# Pearl Betta?



## jag14 (Sep 23, 2012)

I just picked up a new betta over the weekend. He was described as a "white pearl". Is there a color like that? It really doesn't make much difference, I think he's pretty either way. I have trouble getting my phone to upload pics, or I would put one up. Just wanted to know if anyone has any pictures that I could compare with till I can get some decent ones of the new boy. I'm calling him "Opal" because of the pink and blue on his fins and the light pink sheen on his body. He was pretty much pale white at the store till I fixed his tank with a background, plants and a vase to hide in. His colors are coming out nicely now. I really didn't need another betta, but I had an empty 3 gallon tank. Sometimes I see one just too pretty to pass up. Guess we all have that problem sometimes...


----------



## lilnaugrim (Mar 27, 2013)

Sort of like this? It's one of my girls Aurora, she's got white iridescence over her scales.









You can see where the "pearl" color starts on her back here a little more.
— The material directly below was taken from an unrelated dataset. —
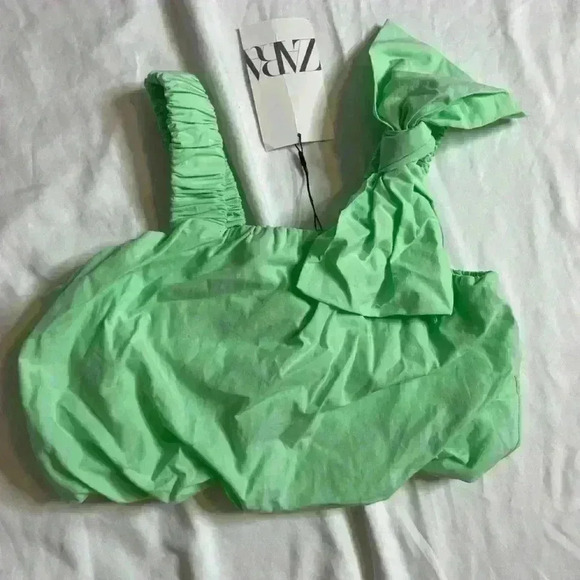 Zara Other - Zara Girls Crop Top Size 7 Green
Or like one of the two males bellow? The first is a cellophane VT with white iridescence over the scales and in the tail then the second is a white Opaque male PK.


----------



## jag14 (Sep 23, 2012)

The 1st 2 pictures didn't come through. Aurora sounds like a good name for the colors of mine. Opal is more of a female name, not that he cares. Just long as he is fed, and is taken care of, is his only concern in his life. Even my husband is paying a little attention to the new boy. He is not a fish person, normally. Nice to get a little support from the other half for a change.


----------



## jag14 (Sep 23, 2012)

I like the cellophane, haven't seen any like that at pet supplies plus. The opaque white is something I haven't found locally either. Nice looking boys.


----------



## lilnaugrim (Mar 27, 2013)

The boy's were from google images, none of my own unfortunately ;-)

Here are the two links to my pictures, maybe you can just follow them to see my girl.
First pic:
https://imageshack.com/i/2hjgutj

and second:
https://imageshack.com/i/g9975bj


----------